Missing Data

7.4. Missing Data#

Missing data is common in real-world datasets and can affect analysis, aggregations, and model training. In Pandas, the default way of treating missing values is a sentinel-based missing data scheme. In computer programming, a sentinel value (also referred to as a flag value or dummy data) is a special value used as a condition of termination.

While missing data is typically represented as NaN (Not a Number), which is np.nan in NumPy, a special floating-point value defined in the IEEE 754 standard. Pandas also introduces its own NA scalar (pd.NA), designed to work better with non-numeric data (like strings or booleans) and allow consistent missing-data handling across types.

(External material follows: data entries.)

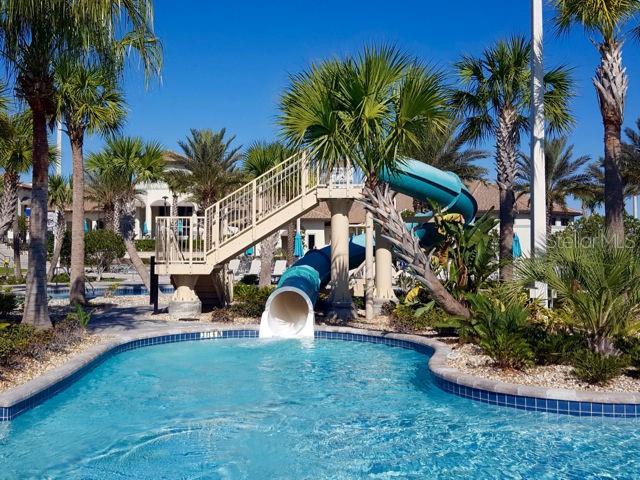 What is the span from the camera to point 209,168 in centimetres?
2736

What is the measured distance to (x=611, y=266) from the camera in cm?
823

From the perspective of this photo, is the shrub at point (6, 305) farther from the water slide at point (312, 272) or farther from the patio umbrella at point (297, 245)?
the patio umbrella at point (297, 245)

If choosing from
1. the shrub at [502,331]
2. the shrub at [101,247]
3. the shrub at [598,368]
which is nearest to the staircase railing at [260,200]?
the shrub at [502,331]

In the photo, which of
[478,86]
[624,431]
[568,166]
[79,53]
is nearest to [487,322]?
[624,431]

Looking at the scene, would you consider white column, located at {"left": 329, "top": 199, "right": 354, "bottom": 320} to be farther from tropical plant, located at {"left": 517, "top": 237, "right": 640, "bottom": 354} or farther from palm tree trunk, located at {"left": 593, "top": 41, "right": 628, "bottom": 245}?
tropical plant, located at {"left": 517, "top": 237, "right": 640, "bottom": 354}

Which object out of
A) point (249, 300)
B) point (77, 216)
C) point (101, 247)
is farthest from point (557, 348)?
point (101, 247)

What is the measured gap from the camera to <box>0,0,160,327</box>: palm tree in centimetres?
951

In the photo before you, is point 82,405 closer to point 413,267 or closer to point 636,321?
point 413,267

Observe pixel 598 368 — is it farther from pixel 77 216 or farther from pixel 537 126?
pixel 77 216

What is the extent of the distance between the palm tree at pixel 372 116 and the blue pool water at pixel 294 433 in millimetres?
3192

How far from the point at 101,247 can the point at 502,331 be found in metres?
24.6

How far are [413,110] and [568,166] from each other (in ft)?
83.5

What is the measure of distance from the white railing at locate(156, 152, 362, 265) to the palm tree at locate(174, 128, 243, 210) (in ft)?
39.0

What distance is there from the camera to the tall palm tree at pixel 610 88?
12703mm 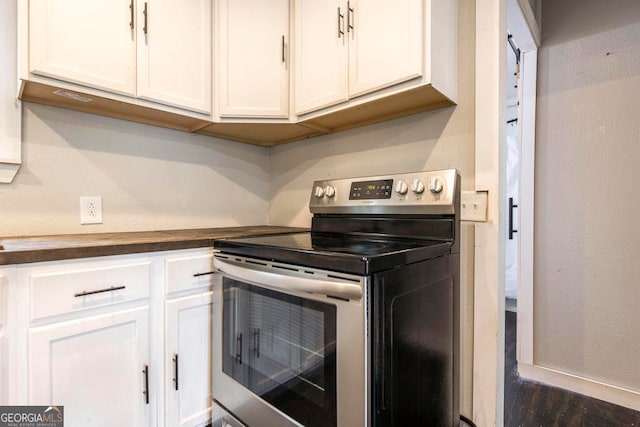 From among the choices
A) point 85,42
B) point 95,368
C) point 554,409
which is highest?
point 85,42

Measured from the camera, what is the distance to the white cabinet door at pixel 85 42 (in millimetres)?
1149

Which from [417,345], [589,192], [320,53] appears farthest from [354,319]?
[589,192]

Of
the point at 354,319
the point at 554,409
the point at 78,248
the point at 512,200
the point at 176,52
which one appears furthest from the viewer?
the point at 512,200

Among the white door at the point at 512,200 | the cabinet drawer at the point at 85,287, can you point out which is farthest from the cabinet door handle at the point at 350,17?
the white door at the point at 512,200

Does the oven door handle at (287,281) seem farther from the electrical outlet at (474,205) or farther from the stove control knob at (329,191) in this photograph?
the electrical outlet at (474,205)

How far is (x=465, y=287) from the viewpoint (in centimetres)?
134

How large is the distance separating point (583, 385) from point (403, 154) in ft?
5.72

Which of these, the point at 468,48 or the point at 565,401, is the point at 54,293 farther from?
the point at 565,401

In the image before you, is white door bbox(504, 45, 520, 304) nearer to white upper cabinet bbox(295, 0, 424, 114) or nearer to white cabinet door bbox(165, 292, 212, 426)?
white upper cabinet bbox(295, 0, 424, 114)

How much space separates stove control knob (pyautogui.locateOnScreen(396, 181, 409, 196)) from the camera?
4.40 ft

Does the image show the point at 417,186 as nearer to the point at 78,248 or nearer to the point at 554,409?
the point at 78,248

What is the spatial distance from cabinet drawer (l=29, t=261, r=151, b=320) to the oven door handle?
0.29 m

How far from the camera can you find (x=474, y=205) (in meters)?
1.31

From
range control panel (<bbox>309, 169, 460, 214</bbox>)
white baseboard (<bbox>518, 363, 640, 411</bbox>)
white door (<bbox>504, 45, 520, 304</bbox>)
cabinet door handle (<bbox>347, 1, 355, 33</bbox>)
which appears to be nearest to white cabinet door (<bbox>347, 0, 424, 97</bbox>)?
cabinet door handle (<bbox>347, 1, 355, 33</bbox>) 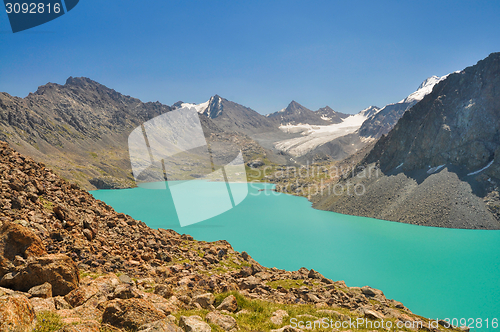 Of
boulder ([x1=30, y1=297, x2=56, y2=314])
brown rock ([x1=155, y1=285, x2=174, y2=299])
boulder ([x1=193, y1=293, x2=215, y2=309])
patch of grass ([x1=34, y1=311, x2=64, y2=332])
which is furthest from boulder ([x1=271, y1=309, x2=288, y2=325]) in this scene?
boulder ([x1=30, y1=297, x2=56, y2=314])

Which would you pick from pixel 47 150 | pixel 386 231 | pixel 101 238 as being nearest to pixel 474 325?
pixel 101 238

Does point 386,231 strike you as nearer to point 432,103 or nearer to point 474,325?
point 474,325

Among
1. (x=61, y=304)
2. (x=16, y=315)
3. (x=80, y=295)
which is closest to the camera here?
(x=16, y=315)

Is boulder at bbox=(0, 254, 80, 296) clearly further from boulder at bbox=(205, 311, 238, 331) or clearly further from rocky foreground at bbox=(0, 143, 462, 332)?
boulder at bbox=(205, 311, 238, 331)

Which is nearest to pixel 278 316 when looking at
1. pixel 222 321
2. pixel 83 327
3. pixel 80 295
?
pixel 222 321

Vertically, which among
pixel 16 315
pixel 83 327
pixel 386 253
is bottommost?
pixel 83 327

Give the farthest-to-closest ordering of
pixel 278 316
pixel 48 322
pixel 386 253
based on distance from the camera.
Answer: pixel 386 253
pixel 278 316
pixel 48 322

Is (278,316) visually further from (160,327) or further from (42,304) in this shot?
(42,304)

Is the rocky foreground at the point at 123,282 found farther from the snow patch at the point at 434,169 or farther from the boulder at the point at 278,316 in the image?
the snow patch at the point at 434,169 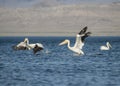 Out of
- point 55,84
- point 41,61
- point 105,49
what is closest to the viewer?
point 55,84

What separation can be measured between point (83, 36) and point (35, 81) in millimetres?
12276

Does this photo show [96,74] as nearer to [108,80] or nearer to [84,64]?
[108,80]

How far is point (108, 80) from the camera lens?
2488 centimetres

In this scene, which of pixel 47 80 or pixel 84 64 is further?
pixel 84 64

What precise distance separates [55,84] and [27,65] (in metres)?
9.82

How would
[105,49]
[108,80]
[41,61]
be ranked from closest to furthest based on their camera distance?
1. [108,80]
2. [41,61]
3. [105,49]

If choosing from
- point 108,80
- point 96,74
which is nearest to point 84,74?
point 96,74

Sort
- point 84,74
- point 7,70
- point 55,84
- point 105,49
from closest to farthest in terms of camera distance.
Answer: point 55,84 → point 84,74 → point 7,70 → point 105,49

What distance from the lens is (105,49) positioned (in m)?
52.9

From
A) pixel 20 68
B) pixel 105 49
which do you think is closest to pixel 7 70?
pixel 20 68

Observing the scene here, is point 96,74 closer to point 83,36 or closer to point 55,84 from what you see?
point 55,84

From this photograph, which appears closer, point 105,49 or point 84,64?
point 84,64

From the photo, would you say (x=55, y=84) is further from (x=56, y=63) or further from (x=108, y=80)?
(x=56, y=63)

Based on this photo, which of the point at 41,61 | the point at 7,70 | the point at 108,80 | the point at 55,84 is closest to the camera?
the point at 55,84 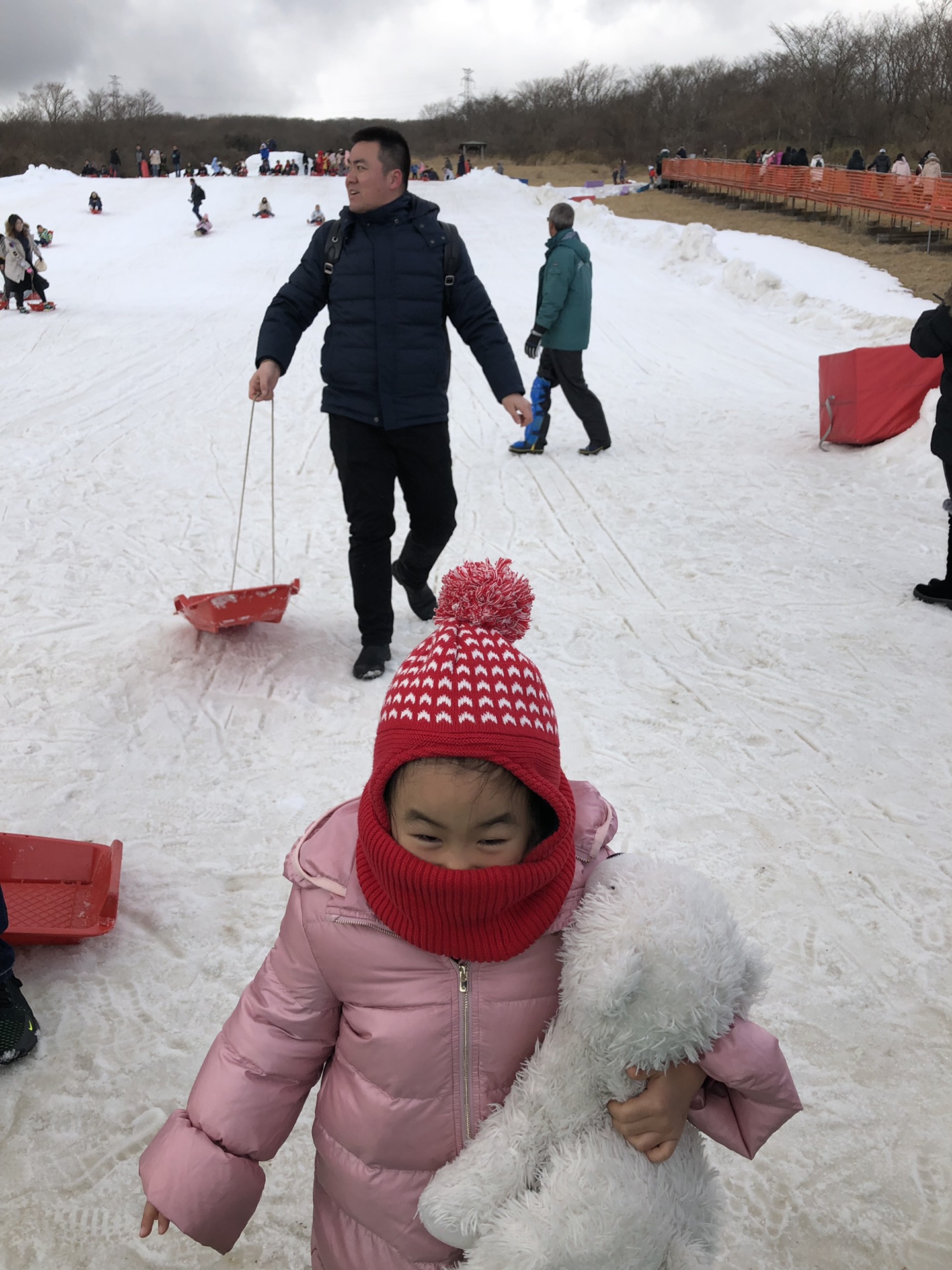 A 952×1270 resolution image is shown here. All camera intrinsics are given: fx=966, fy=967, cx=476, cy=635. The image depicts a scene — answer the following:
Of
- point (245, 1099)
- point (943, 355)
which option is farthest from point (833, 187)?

In summary, for missing values in Pandas, we have:

Sentinel missing value markers:
- None: A Python built-in constant with object dtype. Pandas also treats None as a missing value.
- NaN (np.nan): missing numerical data in float dtypes;
pd.NA: Represents missing in all dtypes (preserves the column’s nullable dtype instead of forcing float).

7.4.1. None as a Sentinel Value#

For some data types, Pandas uses None as a sentinel value. However because None is an object, for numerical arrays, Pandas does not use None as a sentinel. Pay attention to the dtypes in the following operations.

import numpy as np
import pandas as pd

### dtype is int64

arr = np.array([1, 1, 2, 3])
arr.dtype

dtype('int64')

In the following context, NumPy infers the arr elements as Python objects because of None.

### dtype becomes object

arr = np.array([1, None, 2, 3])
arr

array([1, None, 2, 3], dtype=object)

Possible issues of such interpretation includes:

arr.sum()     ### will generate a TypeError

---------------------------------------------------------------------------
TypeError                                 Traceback (most recent call last)
Cell In[279], line 1
----> 1 arr.sum()     ### will generate a TypeError

File ~/workspace/dsm/.venv/lib/python3.13/site-packages/numpy/_core/_methods.py:51, in _sum(a, axis, dtype, out, keepdims, initial, where)
     49 def _sum(a, axis=None, dtype=None, out=None, keepdims=False,
     50          initial=_NoValue, where=True):
---> 51     return umr_sum(a, axis, dtype, out, keepdims, initial, where)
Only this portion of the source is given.